Eis quando me pede o CC. Como lhe tinha explicado logo no princípio que estava ali porque tinha perdido a carteira com todos os documentos, só lhe respondi que não tinha esse documento e apresentei-lhe o documento da GNR.

“Ná!”

Não servia porque, nas palavras da senhora aquele documento não provava que “o senhor é o senhor. Eu sei lá se o senhor é o Rui, o Manel ou o Jaquim”.

Comecei logo a antever que aquilo ia dar merda.

Então pergunto: “como estamos numa Loja do Cidadão, eu trato primeiro da substituição do CC e venho depois acabar este problema dos documentos dos automóveis, ok?”

“Não serve, porque continuo sem saber se o senhor é o senhor!”

“Mas, não me vão entregar um documento provisório que substitui o CC?”

“Vão”

“Então, está tudo resolvido”.

“Não, porque continuo sem saber se você é você”.

Passei-me.

“Você é estrebaria! 

A senhora está a dizer que um documento provisório passado pelo Estado português que diz que eu sou eu, não serve para provar que eu …….. sou eu. Só se for com o cartão de plástico, porque o provisório não vale?"

“Exatamente! O de plástico tem um chipezinho dourado que é indispensável para o pedido de substituição dos livretes dos carros.”

“Não aceito isto, de forma nenhuma. Isto é burocracia a mais para a minha capacidade de entendimento.”

“Pois, agora toda a gente usa essa triste palavra. Burocracia.”

“Essa palavra tem mais anos do que a senhora ouviu? Até lhe digo mais, tem mais anos que a senhora e eu somados e olhe que eu já estou velho!

A senhora não tem vergonha de me estar a complicar a vida desta maneira?”

“Não lhe estou a complicar a vida. As coisas são como são. Agora pronto, já pode desabafar à vontade.”

“Mas a senhora é alguma psicóloga ou quê?!”

“Não, mas olhe que bem poderia ser. Só pode provar que o senhor é o senhor se tiver duas testemunhas que por escrito o atestem.”

Nesta altura lembrei-me que conhecia desde garoto uma funcionária dessa Loja do Cidadão e disse, ingenuamente: “a senhora tem uma colega a três metros daqui que pode atestar que eu sou eu, porque me conhece desde que nasci.”

“Não serve.

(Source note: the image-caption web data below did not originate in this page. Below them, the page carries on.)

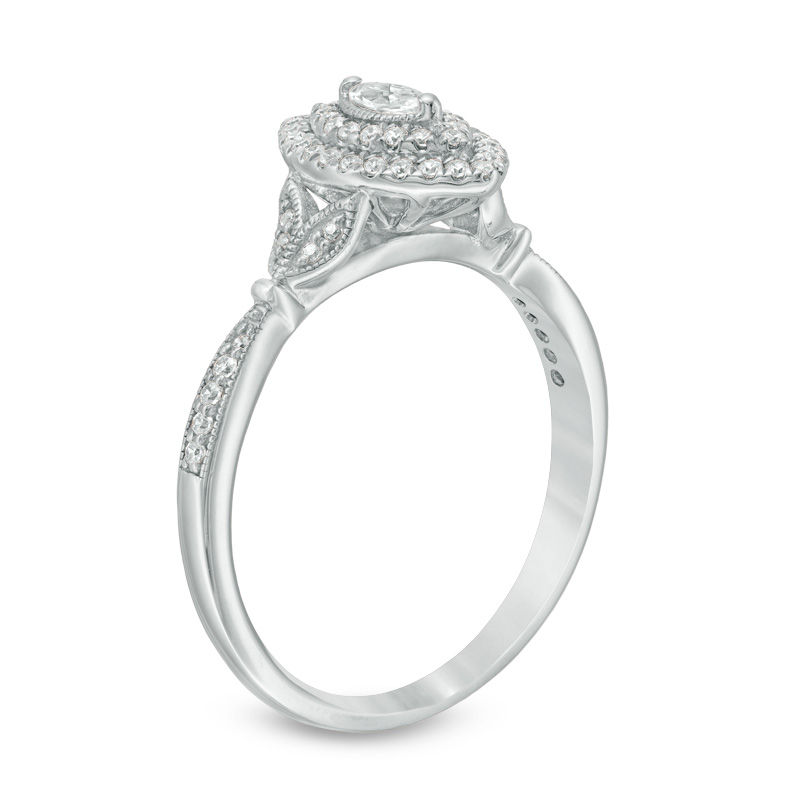 0.30 CT. T.W. Marquise Diamond Double Frame Petal-Sides Vintage-Style Engagement Ring in 10K White Gold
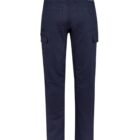 Navy blue pants with pockets, shown from the back on a white background.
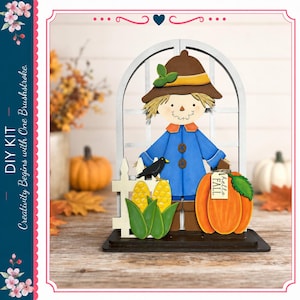 DIY Interchangeable Arched Window Fall Scarecrow Shelf Sitter Insert – Seasonal & Holiday Designs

É só uma pessoa, preciso de duas.”

Passei-me completamente.

Levantei-lhe o dedo e disse já fora de mim, “eu não saio daqui sem os documentos provisórios dos livretes dos meus carros ouviu? E vou-lhe provar que eu sou eu, grande mandriona.”

Quando me levantei o segurança e alguns colegas dela chamaram-me porque tinham ouvido aquele diálogo kafkiano e só me disseram: “o senhor deixe lá que vai sair daqui hoje com esses documentos”.

E saí!

A saber que eu sou eu.

Uma funcionária do estado a dizer, “para mim você não é você, mesmo com um documento passado pela Conservatória do Registo Civil que diga que você é você!”

É por estas e por outras que, tantas vezes a esmagadora maioria dos bons funcionários públicos deste país pagam por meia dúzia de mandriões e broncos como aquela mulher com cara de travesti e 356 anéis naqueles dedos gordos.

Ainda bem que no fim fiquei a saber que afinal eu, ... ainda era eu!